Pritchard v. Snug Harbor Property Owners Ass'n, 68 N.C. App. 781 (1984)

June 5, 1984 · North Carolina Court of Appeals · No. 831DC413
68 N.C. App. 781

LONNIE L. PRITCHARD and MADORA L. PRITCHARD v. SNUG HARBOR PROPERTY OWNERS ASSOCIATION

No. 831DC413

(Filed 5 June 1984)

Deeds 8 20— assessment covenants — unenforceable

The trial court properly granted plaintiffs’ motion for summary judgment in an action brought to enjoin defendants from interfering with their use of a subdivision’s recreational facilities where a previous Court of Appeals decision had found the identical restrictive covenants and bylaw provisions unenforceable due to vagueness. Snuff Harbor Property Owners Association v. Cur-ran, 55 N.C. App. 199 (1982).

Appeal by defendant from Parker, Judge. Judgment entered 16 November 1982 in District Court, PERQUIMANS County. Heard in the Court of Appeals 7 March 1984.

Plaintiffs own Lot 3 in Section G of Snug Harbor Beach Subdivision, which they purchased from Yeopim Beach Corporation (YBC) in 1973 subject to certain restrictive covenants. One such covenant required lot owners to pay $18 a year to YBC or its successor in interest for “the maintenance and improvement of Snug Harbor Beach and its appearance, sanitation, easements, recreation areas and parks.” The recreation areas in the subdivision include a swimming pool, tennis courts, clubhouse, sandy beach and park. YBC’s interest in the development was later acquired by defendant association and its bylaws, phrased similarly to the restrictive covenants, also required lot owners to pay the annual $18 assessment. In 1975, under a bylaws provision authorizing amendments, defendánt increased the annual assessment from $18 to $35, but the restrictive covenants have not been altered. In May of 1980, plaintiffs refused to pay the assessment of $35, but offered to pay $18, which defendant would not accept. Upon defendant forbidding them to use the recreational facilities, plaintiffs sued to enjoin defendant from interfering with their use, alleging that the amended dues increase was unauthorized and ineffective. By its answer, defendant claimed that the dues increase was both authorized and enforceable because of provisions in the restrictive covenants and bylaws, both as originally adopted and as later amended, and copies of these instruments were attached thereto as exhibits.

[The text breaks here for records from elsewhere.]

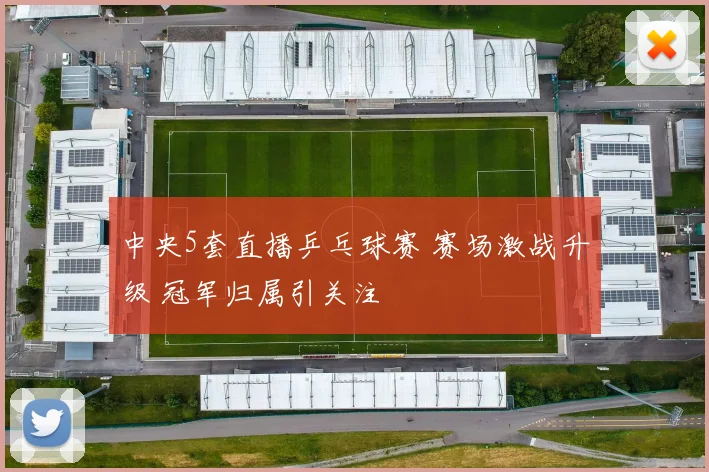 中央5套直播乒乓球赛 赛场激战升级 冠军归属引关注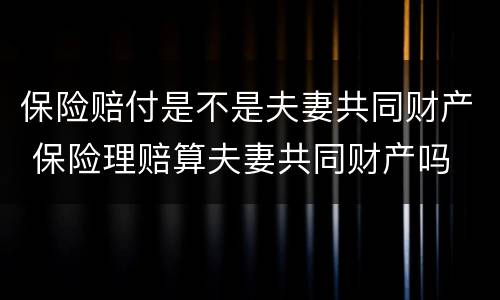 保险赔付是不是夫妻共同财产 保险理赔算夫妻共同财产吗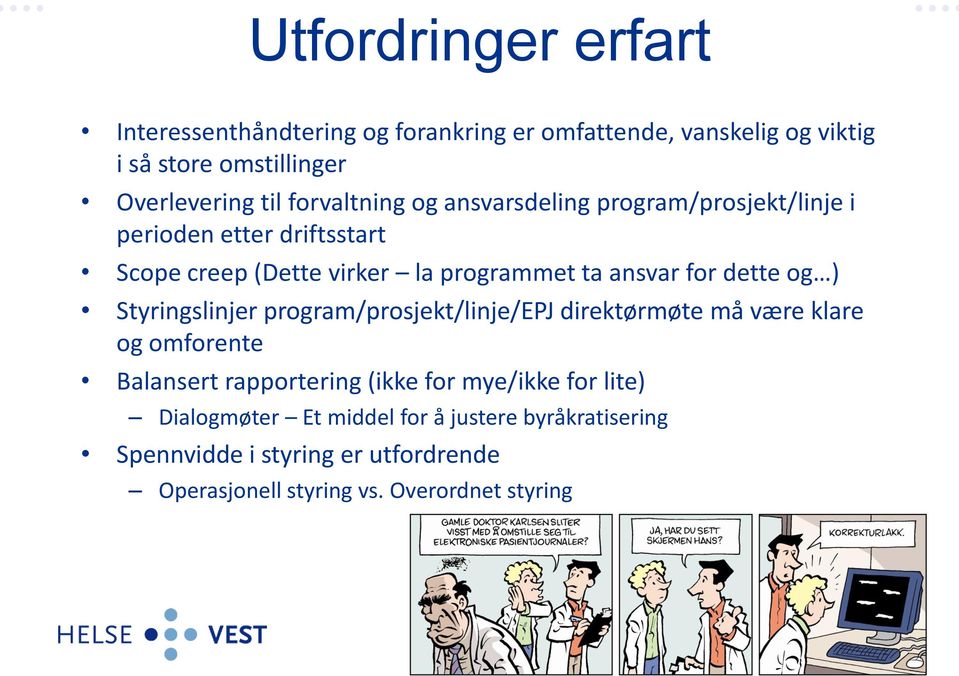 dette og ) Styringslinjer program/prosjekt/linje/epj direktørmøte må være klare og omforente Balansert rapportering (ikke for mye/ikke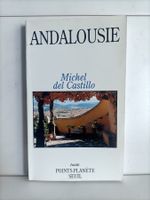 Andalousie / Michel del Castillo / Seuil Points planète 16 /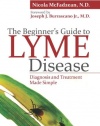 The Beginner's Guide to Lyme Disease: Diagnosis and Treatment Made Simple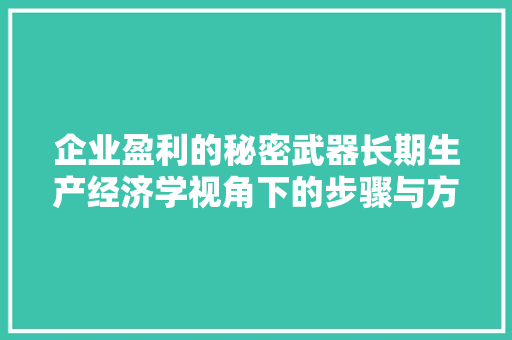 企业盈利的秘密武器长期生产经济学视角下的步骤与方法 企业盈利的秘密武器长期生产经济学视角下的步骤与方法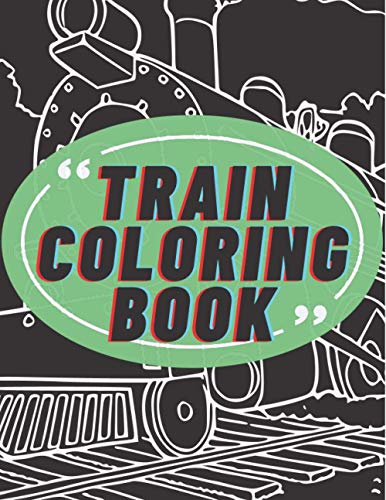 Train Coloring Book: Over 70 Unique Pages of Trains Drawn in Various Styles. For Kids and Toddlers Ages 2-4, Ages 4-8. Inside You Will Find Big Vehicles with Huge Engines.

*782By stipulation, the trial was continued until the related case of Snug Harbor Property Owners Association v. Curran, 55 N.C. App. 199, 284 S.E. 2d 752 (1981), rev. denied, 305 N.C. 302, 291 S.E. 2d 151 (1982) was concluded. In that case and its companions, based on the identical restrictive covenants and bylaw provisions that are involved in this case, defendant sued various subdivision lot owners to collect annual assessments of $35 each allegedly past due, but the final decision was that the restrictive covenants and bylaws relied upon are unenforceable because they are too vague.

Plaintiffs then moved for summary judgment. Following a hearing thereon, the motion was granted and defendant was enjoined and restrained from prohibiting the plaintiffs from using the subdivision recreational facilities.

No brief filed for plaintiff appellees.

William J. Bentley, Sr. and Paul W. White, for defendant appellant.

PHILLIPS, Judge.

The only question raised by this lawsuit is defendant’s right to prevent plaintiff lot owners from using the Snug Harbor Subdivision recreational facilities because of their refusal to pay the increased annual assessments of $35 as required by defendant’s amended bylaws. Since a panel of this Court has already adjudged that defendant’s amended bylaws in regard to assessments are unenforceable, it necessarily follows that defendant had no legal right under them to either collect the $35 or prevent plaintiffs from using the facilities, and that the injunction against defendant was properly entered. Defendant’s contention that the court erred in refusing to accept its proof that plaintiffs approved the bylaws amendment and paid the increased amount for three or four years is not only without merit, it is irrelevant. In the previous case, which obviously controls this one, the assessments levied by defendant were adjudged to be uncollectable, not because of their amount or the invalidity of the amendment that increased them, but because the use that the money was to be put to was too vaguely and indefinitely described in the restrictive covenants, bylaws, amended bylaws, and association charter. Since these indefinite provisions, which have not been changed, *783are too vague to support an express contract, as this Court held, they can hardly be enforceable under any other theory, legal or equitable. Thus, whether the plaintiffs approved the increase or voluntarily paid it for a time is beside the point — which is that, in the setting that now exists, they cannot be made to pay it. For us to enforce the arrangement under any theory, we would have to first render it more definite than the parties saw fit to do, and that is not our function.

Affirmed.

Chief Judge Vaughn and Judge Hill concur.